My point in bringing up the relative ease with which Trump pulled America out of the Iran deal isn't (simply) to bash Obama. He's out of office, and Trump and the GOP own the state of the nation. It's to underscore the low-grade, slow-moving constitutional infection that has plagued the 21st century like Hep C. If Congress refuses to do its job, which is to write laws and give clear limits to the executive branch, all we have to look forward to is a series of four- or eight-year lurches in this direction and that as the presidency slides from Republican to Democrat and back again. This is no way to run a corner market, much less a country. But it won't stop until the group Mark Twain identified as America's only native criminal class starts to actually do its job.

Final point to the NeverTrumpers: Realize that everything The Donald does simply by pen and phone will be just as easily countermanded as Obama's own "signature achievements." If a president's signature ain't on a piece of actual legislation, it might as well be written in pencil.

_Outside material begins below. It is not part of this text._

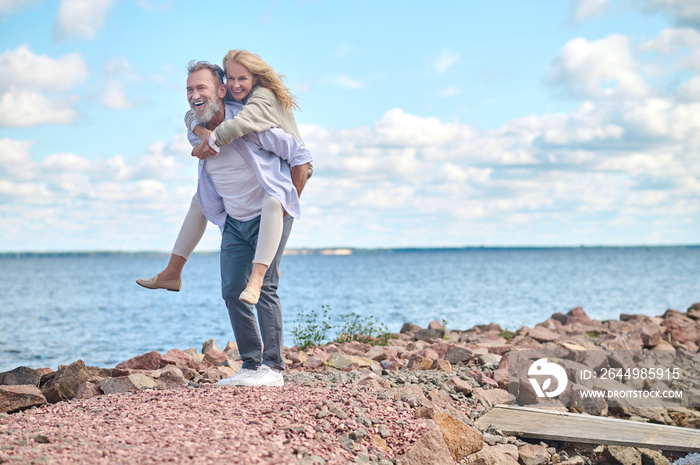 Man holding smiling woman on his back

UPDATED 12:30 P.M. ET: Reader Ankush Narula (follow him on Twitter) points me to "If the Iran deal had been a Senate-confirmed treaty, would Trump have been forced to stay in? Nope," a Washington Post article by Andrew Rudalevige. The Bowdoin College professor of government cites recent instances where presidents abrogated treaties without consulting the Senate, notes that it's not fully settled exactly how treaties might be broken, and writes:

It's surely possible that a treaty, in place of an executive agreement, would have wider support. Republicans would have had to vote to ratify it, and thus its abrogation might carry higher political costs. As I noted in 2015, "the difference between seeking a treaty and negotiating an executive agreement is, at base, a political question. So is the outcome of either." And as political scientists Glen Krutz and Jeffrey Peake argue in their book "Treaty Politics and the Rise of Executive Agreements,"executive agreements conducted in "truly unilateral fashion" without even tacit congressional cooperation will be "codified but essentially hollow."

Read the whole thing, which supports the idea that building consensus, which the Iran deal definitely lacked (even some Democrats voiced opposition back in 2015), would help keep agreements in force even if they have not been explicitly voted on as treaties.